Total travel time for you to and from Wheels on the bus song for baby: about some hours.

"The first day I went to school, I was like, do I want to do this? " Freeman, eighteen, said. But the ride swiftly became routine, and now Freeman doesn't hesitate to shoot down the notion of trading the two-hour holiday to the science and technology magnet school for that 10 minutes it would take him to get at his local high school.
It was once that students with the longest bus rides were include those with rural addresses. Today, however, increasingly more of the longest school bus commutes are part of suburban students, willing to put in the time so that you can attend a prestigious magnet institution.

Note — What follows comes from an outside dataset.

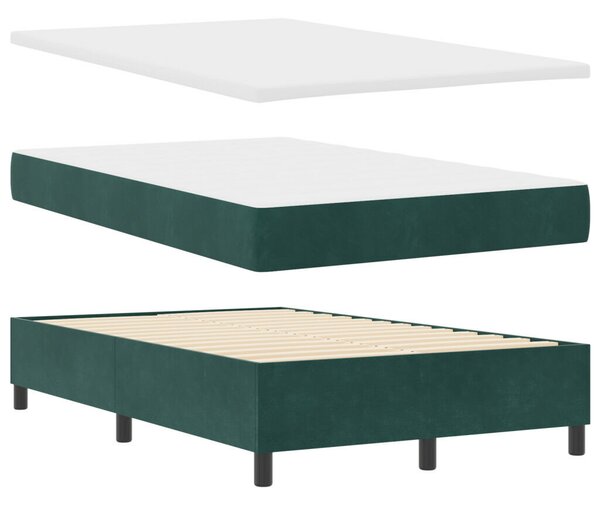Box Spring Ágy Matraccal &amp; Pad Sötét Zöld 120x200 cm Bársony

"Oh, I think it's worth every penny, " said Freeman, a senior at Thomas Jefferson. "I'm very happy at this school. It's among those opportunities that comes to maybe a lucky few students. "
Sometimes along the trips that students are able to endure even surprises adults.
"I'll inform you when I felt it -- on that rare occasion when children miss the bus, and Now i am taking them home. I'm thinking, 'Wow, "' said Montgomery Blair High school graduation Principal Phillip Gainous. Long commutes have grown to be routine at the Silver Spring high school graduation, one of the largest with Montgomery and home to magnet programs in communications and research that lure students from along the county.

School officials across the region strain to keep regular, in-boundary school bus rides under a couple of hours. But that has no bearing on magnet school commutes, that easily stretch longer. Students learn how to make the best of the idea: One recent morning, a selection of Thomas Jefferson freshmen huddled around a tiny light clamped to a math textbook to check for a test. Another college student strummed a guitar. Still others dozed to music off their portable CD players.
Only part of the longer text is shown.